Reports the Wall Street Journal:

In the 1960s, a University of Wisconsin graduate student named Thomas Crocker came up with a novel solution for environmental problems: cap emissions of pollutants and then let firms trade permits that allow them to pollute within those limits.

When he was a graduate student in the 1960s working to reduce pollutants, Thomas Crocker devised a cap-and-trade system similar to one being considered in Congress.

Now legislation using cap-and-trade to limit greenhouse gases is working its way through Congress and could become the law of the land. But Mr. Crocker and other pioneers of the concept are doubtful about its chances of success. They aren't abandoning efforts to curb emissions. But they are tiptoeing away from an idea they devised decades ago, doubting it can work on the grand scale now envisioned.

"I'm skeptical that cap-and-trade is the most effective way to go about regulating carbon," says Mr. Crocker, 73 years old, a retired economist in Centennial, Wyo. He says he prefers an outright tax on emissions because it would be easier to enforce and provide needed flexibility to deal with the problem.

The House has passed cap-and-trade legislation. The Senate could take up a measure in September. But Republicans strongly oppose the idea -- arguing that it is a tax that will hurt the economy -- and Democrats are struggling to come up with an approach that apportions the inevitable cost of a cap-and-trade system among different interests, from consumers to utilities to coal plants.

Mr. Crocker, who went on to become a professor at the University of Wyoming, is one of two economists who dreamed up cap-and-trade in the 1960s.

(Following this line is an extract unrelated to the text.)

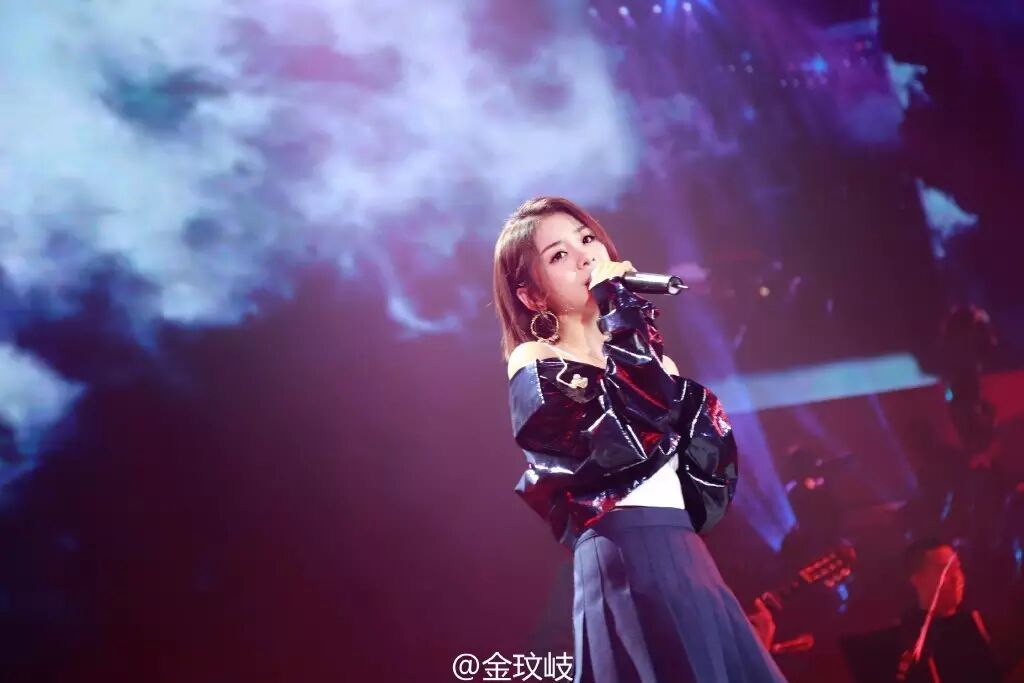 早前,金玟岐的音乐就已经显现出对于社会生活的关注,在14年5月发行的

The other, John Dales, who died in 2007, was also a skeptic of using the idea to tame global warning.

Of course, the bigger question is whether global warming is actually a crisis requiring drastic action to cut energy consumption and limit if not end economic growth.  But if Congress plans on adopting hugely expensive measures to reduce pollution, shouldn't it at least use the most cost-effective approach?